[PD] Strings.

Wed Feb 23 06:12:19 CET 2011

On Tue, 1 Feb 2011, Bryan Jurish wrote:

> True.  But while I can guarantee this for "string-like" operations, I
> can't seem to finagle it for pd, which insists on treating arrays (at
> least those defined at the patch level) as t_float[]s (looks like the
> culprit here is garray_save() calling binbuf_addv() to buffer the array

Oh, if you need to save the array using Pd's existing mechanisms, yeah, 
you shouldn't use anything else than Pd's way of storing data. (But do you 
really want to use arrays ?)

> reinterpret_cast<> doesn't exist.
> there's only (char*)expr  (cf. Kernighan & Ritchie, 1988) :-P
> sorry for being pedantic; you are of course correct that 
> reinterpret_cast<> is the C++ equivalent for what I'm doing; I just 
> think it's too much to type, which is yet another thing I dislike about 
> C++ ...

I'm just talking about it as a concept. I don't ever use that C++ keyword 
and I don't know what it's good for. I mean only the typecasts that change 
pointers into other, potentially irrelevant pointer-types. Those exist 
both in C and in C++, and they exist in C++ regardless of the actual use 
of the reinterpret_cast keyword (which seems like little more than a waste 
of characters in a text file).

I only use C++ for the shortcuts, not for the... longcuts.

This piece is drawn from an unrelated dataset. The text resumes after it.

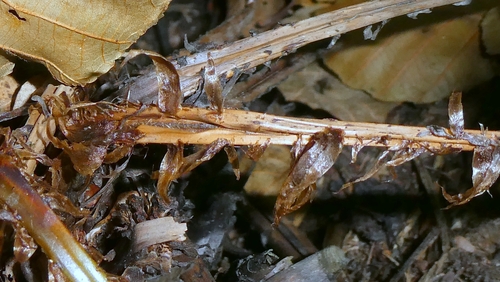 Dryopteris dilatata, photograph 2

> anyhoo, ok: I can (ab)use typecasts using (t_word*) instead of 
> (t_float*).  My original gripes (1C) and (1D) still hold: this breaks on 
> save/load of patches, if "string" data is to be saved with its array.

Therefore you are going to store one 'wchar' per float ? Fine. Now you 
don't need to store a string length, right ?

> I still think the idea of using arrays for strings is intriguing, not 
> least for the sheer amount of abuse potential arising from combining 
> text bytes and audio signals in the same arrays...

You can already plug [#tabread] into [#to_s] to make nice symbols, or send 
a symbol to [#import] plugged to a [#tabwrite], to write funny things into 
tables. People can abuse things already. It's "fun".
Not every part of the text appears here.